On Christmas Eve, Kania finished a shift at the tire plant and, on his way home, stopped into the American House for a drink. In World War I, wartime restrictions on alcohol had stopped the sale of anything but extremely weak booze. Nationally, Prohibition loomed. Word spread through town that a batch of good whiskey imported from France had arrived in the Connecticut River Valley.

The Christmas Eve Massacre

john-romanelli

Brooklyn Eagle headlines decried the lack of punishment for mobster John Romanelli, perpetrator of the Christmas Eve massacre.

Kania, a husband and father of two, was among dozens of people lured into local taverns for a snort – perhaps their last before Prohibition. But what they thought was fancy French whiskey was actually wood alcohol shipped to the state by a gang of New York mobsters from the Italian section of Brooklyn.

John Romanelli, the “king” or “mayor” of Brooklyn’s Little Italy, was an undertaker. He had connections throughout the community. Police suspected that he might be the man to go to if a gang killed an enemy and wanted the body disposed of without too much fuss. He would, in 1928, conduct the spectacular funeral for his nephew Michael Abbatemarco, a gangster and bootlegger gunned down in a mob war.

John Romanelli

Romanelli generally managed to keep a low profile. The one occasion when he drew attention to himself came in 1915, when he and his gang attacked a rival undertaker. They fought over who would bury an eight-year-old boy who drowned in a canal accident.

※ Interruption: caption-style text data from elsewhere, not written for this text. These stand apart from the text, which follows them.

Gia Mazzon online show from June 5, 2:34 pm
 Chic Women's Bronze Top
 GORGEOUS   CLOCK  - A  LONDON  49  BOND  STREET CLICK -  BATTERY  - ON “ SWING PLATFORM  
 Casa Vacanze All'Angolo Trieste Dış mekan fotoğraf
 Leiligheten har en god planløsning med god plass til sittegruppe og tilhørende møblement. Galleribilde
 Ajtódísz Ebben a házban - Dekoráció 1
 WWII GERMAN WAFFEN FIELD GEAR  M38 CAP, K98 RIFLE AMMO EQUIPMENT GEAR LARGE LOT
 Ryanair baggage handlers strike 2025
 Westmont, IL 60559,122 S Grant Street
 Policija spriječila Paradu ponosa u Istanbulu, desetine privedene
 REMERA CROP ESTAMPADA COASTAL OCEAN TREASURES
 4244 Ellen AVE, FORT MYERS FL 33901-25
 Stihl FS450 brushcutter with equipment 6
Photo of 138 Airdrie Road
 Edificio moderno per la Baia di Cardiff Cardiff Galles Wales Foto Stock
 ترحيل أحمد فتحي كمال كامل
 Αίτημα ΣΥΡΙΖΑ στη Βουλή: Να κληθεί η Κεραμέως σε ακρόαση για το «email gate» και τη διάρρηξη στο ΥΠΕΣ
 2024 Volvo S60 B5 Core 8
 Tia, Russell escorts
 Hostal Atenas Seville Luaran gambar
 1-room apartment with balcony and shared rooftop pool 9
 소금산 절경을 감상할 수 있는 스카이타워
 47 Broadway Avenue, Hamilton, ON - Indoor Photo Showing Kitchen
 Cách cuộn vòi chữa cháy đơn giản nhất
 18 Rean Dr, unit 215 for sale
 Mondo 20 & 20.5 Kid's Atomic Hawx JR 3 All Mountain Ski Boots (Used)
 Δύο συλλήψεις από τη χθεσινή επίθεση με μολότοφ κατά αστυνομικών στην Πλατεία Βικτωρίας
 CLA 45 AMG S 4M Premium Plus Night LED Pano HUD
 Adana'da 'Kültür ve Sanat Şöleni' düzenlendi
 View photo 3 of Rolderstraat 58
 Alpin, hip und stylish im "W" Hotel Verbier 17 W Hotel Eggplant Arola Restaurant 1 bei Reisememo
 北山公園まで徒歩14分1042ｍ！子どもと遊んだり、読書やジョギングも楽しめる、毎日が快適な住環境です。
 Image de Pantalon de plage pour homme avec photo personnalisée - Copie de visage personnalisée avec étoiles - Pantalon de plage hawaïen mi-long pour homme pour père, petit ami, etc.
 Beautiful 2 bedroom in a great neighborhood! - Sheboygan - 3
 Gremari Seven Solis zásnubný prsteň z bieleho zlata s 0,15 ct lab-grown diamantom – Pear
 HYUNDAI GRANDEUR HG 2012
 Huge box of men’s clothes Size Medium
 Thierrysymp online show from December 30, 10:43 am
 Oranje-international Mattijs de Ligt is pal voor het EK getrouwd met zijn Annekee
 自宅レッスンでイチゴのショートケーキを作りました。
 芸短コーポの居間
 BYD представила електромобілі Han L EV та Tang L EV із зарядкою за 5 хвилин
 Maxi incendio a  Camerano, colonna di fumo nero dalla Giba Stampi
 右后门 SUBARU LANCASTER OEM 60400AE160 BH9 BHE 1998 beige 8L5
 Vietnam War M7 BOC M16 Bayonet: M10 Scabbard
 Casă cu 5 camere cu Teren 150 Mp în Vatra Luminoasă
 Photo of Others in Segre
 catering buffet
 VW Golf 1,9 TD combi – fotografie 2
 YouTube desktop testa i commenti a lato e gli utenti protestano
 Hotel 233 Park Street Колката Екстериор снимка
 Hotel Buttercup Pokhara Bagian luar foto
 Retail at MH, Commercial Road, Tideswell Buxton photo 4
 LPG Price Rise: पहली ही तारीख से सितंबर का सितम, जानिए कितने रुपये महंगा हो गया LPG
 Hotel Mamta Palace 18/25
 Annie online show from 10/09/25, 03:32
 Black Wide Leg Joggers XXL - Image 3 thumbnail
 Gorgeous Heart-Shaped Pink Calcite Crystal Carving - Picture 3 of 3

In the 1915 brawl, which police broke up, Romanelli suffered a bullet wound. He received a fine for illegally carrying a weapon. His rival undertaker wound up dead.

Step forward to 1919 and Romanelli wanted a piece of the bootleg liquor business about to explode. As an undertaker he had access to wood alcohol, an ingredient in embalming fluid. He knew of a shipment in a New York warehouse, headed to Europe.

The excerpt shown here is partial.